**Try it:**
In the records below, find the line with "3408 Endicott Court - Photo 5" and repeat it and every line after it, exactly, without any pictures.

**Input material:**
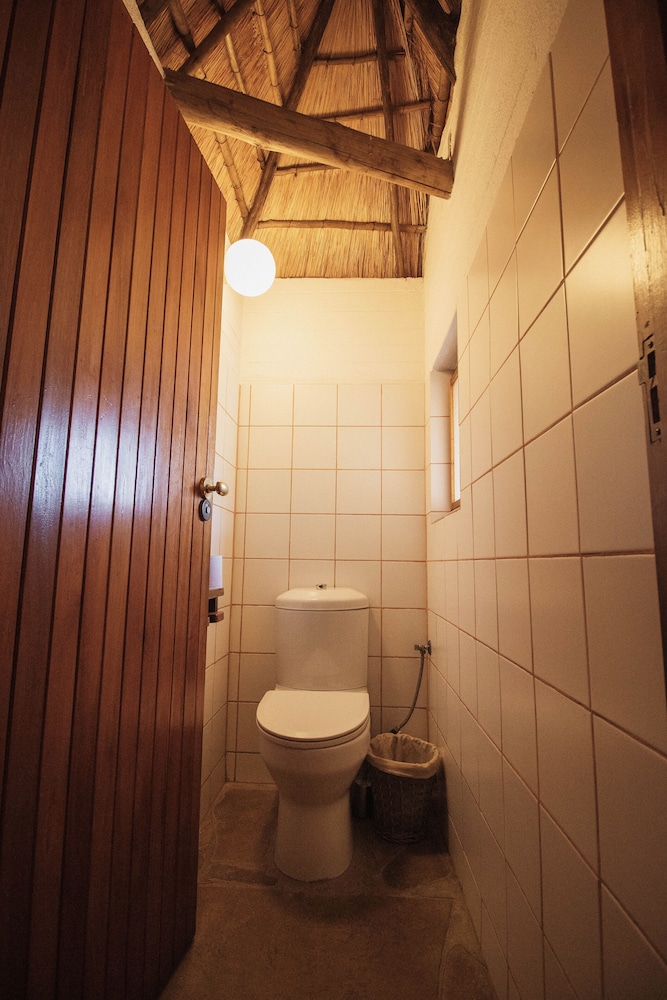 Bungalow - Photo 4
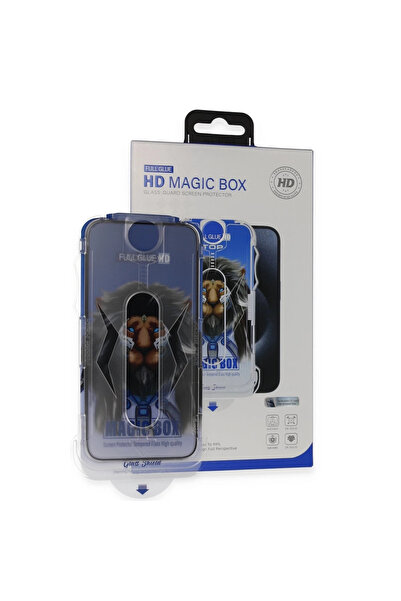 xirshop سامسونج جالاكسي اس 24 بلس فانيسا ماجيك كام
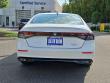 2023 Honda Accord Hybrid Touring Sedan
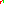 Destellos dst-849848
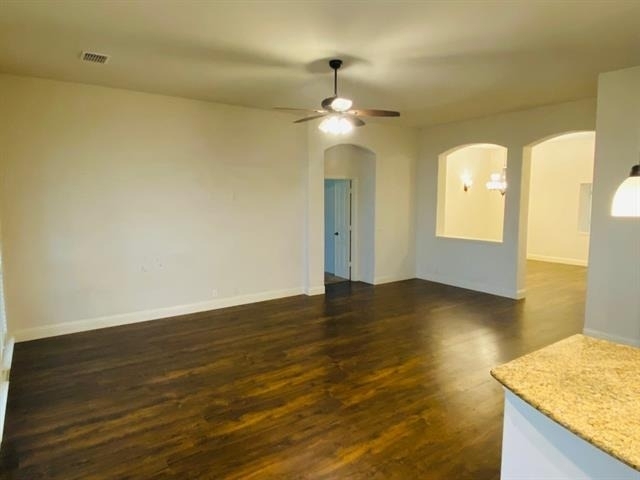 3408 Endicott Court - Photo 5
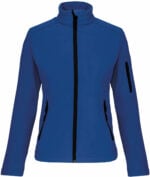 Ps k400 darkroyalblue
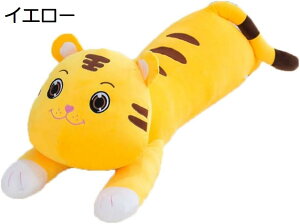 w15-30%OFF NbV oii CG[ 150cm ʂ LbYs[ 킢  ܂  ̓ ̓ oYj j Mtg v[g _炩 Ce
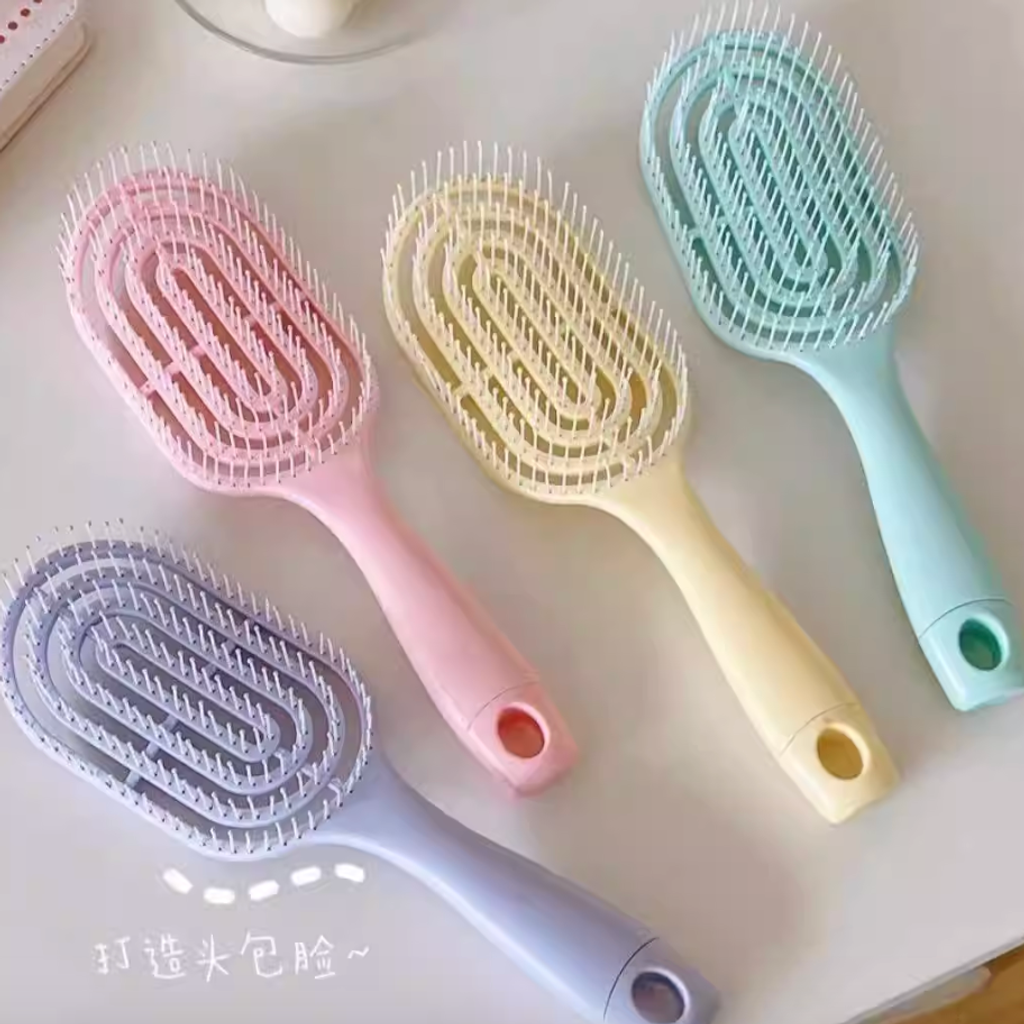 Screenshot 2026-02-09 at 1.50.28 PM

**Written solution:**
 3408 Endicott Court - Photo 5
 Ps k400 darkroyalblue
 w15-30%OFF NbV oii CG[ 150cm ʂ LbYs[ 킢  ܂  ̓ ̓ oYj j Mtg v[g _炩 Ce
 Screenshot 2026-02-09 at 1.50.28 PM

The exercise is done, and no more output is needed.